Alone amongst God’s creation, human beings are said to be created in the very image of God. There are many things wrapped up in the image of God, but one essential element of it seems to be an undeniable notion of justice or fairness. As an atheist, I often lamented the injustice of the world. Why did horrible things happen to good people? If there was a God, how could God simply stand by and allow the Holocaust to happen? Well, there was a serious problem with the way that I was thinking, that C. S. Lewis identifies clearly and profoundly. Lewis himself was an atheist, and came to this realization.

My argument against God was that the universe seemed so cruel and unjust. But how had I got this idea of just and unjust? A man does not call a line crooked unless he has some idea of a straight line. What was I comparing this universe with when I called it unjust? If the whole show was bad and senseless from A to Z so to speak, why did I, who was supposed to be part of the show, find myself in such violent reaction against it? … Of course, I could have given up my idea of justice by saying it was nothing but a private idea of my own. But if I did that, then my argument against God collapsed too – for the argument depended on saying that the world was really unjust, not simply that it did not happen to please my fancies. Thus in the very act of trying to prove that God did not exist – in other words, that the whole of reality was senseless – I found I was forced to assume that one part of reality – namely my idea of justice – was full of sense. (C. S. Lewis, Mere Christianity, 38-39)

Our undeniable, inalienable sense of justice demands an unchanging standard of right and wrong.

(iv) Real Objective Difference Between Moral Positions

Along the same lines, our human nature acknowledges that there is a real objective difference between various moral positions, something which demands an unchanging notion of good and evil, and a basis for that.

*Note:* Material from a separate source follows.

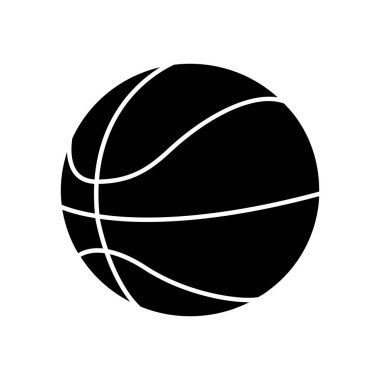 İzole edilmiş basketbol topu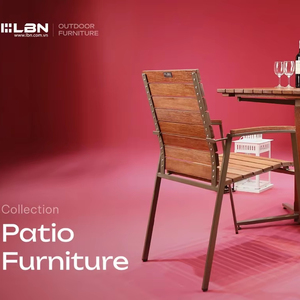 Chaise d'intérieur en plastique pour restaurant à maison moderne, fabricant de gros, décoration à bas tarif au Vietnam, chaise à ossature métallique pour camping - Product Image 1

Again, C. S. Lewis says it well.

If no set of moral ideas were truer or better than any other, there would be no sense in preferring civilised morality to savage morality, or Christian morality to Nazi morality. In fact, of course, we all do believe that some moralities are better than others. We do believe that some of the people who tried to change the moral ideas of their own age were what we would call Reformers or Pioneers – people who understood morality better than their neighbours did. Very well then. The moment you say that one set of moral ideas can be better than another, you are, in fact, measuring them both by a standard, saying that one of them conforms to that standard more nearly than the other. But the standard that measures two things is something different from either. You are, in fact, comparing them both with some Real Morality, admitting that there is such a thing as a real Right, independent of what people think, and that some people’s ideas get nearer to that real Right than others. … If your moral ideas can be truer, and those of the Nazis less true, there must be something – some Real Morality – for them to be true about. (C. S. Lewis, Mere Christianity, 13)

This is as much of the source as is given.